Rezension

Stars

The Five Ghosts


Highlights: Dead Hearts // Wasted Daylight // Fixed // He Dreams He's Awake
Genre: Pop
Sounds Like: Metric // Broken Social Scene // The Most Serene Republic // Rilo Kiley

VÖ: 25.06.2010

Der Duett-Gesang von Amy Millan und Torquil Campbell gehört zum Schönsten, was Popmusik in den letzten Jahren bieten konnte. Kein anderes Duo verstand es dermaßen, ehrlich und gleichzeitig so entwaffnend über einfachste Beziehungsgeschichten zu singen wie die beiden Kanadier. Nach den sehr erfolgreichen Alben „Set Yourself On Fire“ und „In Our Bedroom After The War“ waren die Erwartungen an „The Five Ghosts“ im Vorfeld turmhoch. So hoch gar, dass sie von den Stars nicht ganz erfüllt werden konnten.

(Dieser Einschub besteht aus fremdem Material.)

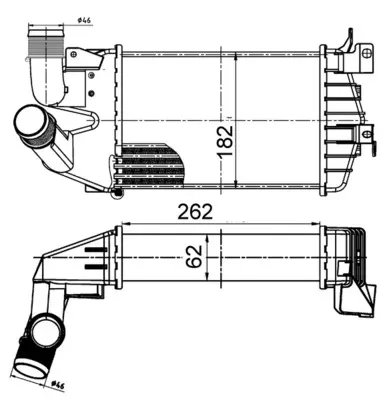 MAHLE ORIGINAL Chladič turba CI 510 000S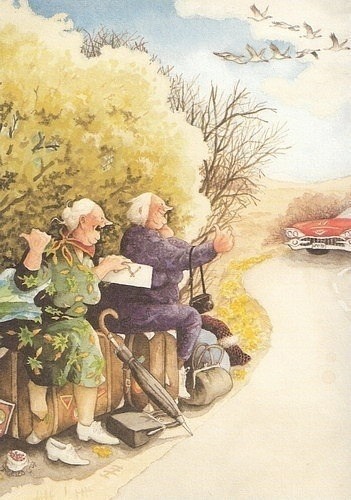 Страшно стареть или веселая старость. Открытки финской художницы Inge Löök (фото 4)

Dabei könnte der Einstieg in das nunmehr fünfte Album der Band nicht besser gelingen. „Dead Hearts“ braucht gerade einmal ein paar Sekunden, um diese typische Stars-Atmosphäre irgendwo zwischen Romantik und Lebensweisheit aufzubauen, eine Atmosphäre, in der man sich sofort wohl und einfach so unglaublich verstanden fühlt. Zuckersüßester Pop zwar, aber dennoch lecker schmeckend. Auch das etwas flottere „Wasted Daylight“ mit seinem wunderschönen Refrain, die erste Single „Fixed“ und eine ganze Reihe weiterer Songs sind Popmusik, wie man sie besser nicht machen kann und die sich auch vor früheren Großtaten nicht zu verstecken braucht.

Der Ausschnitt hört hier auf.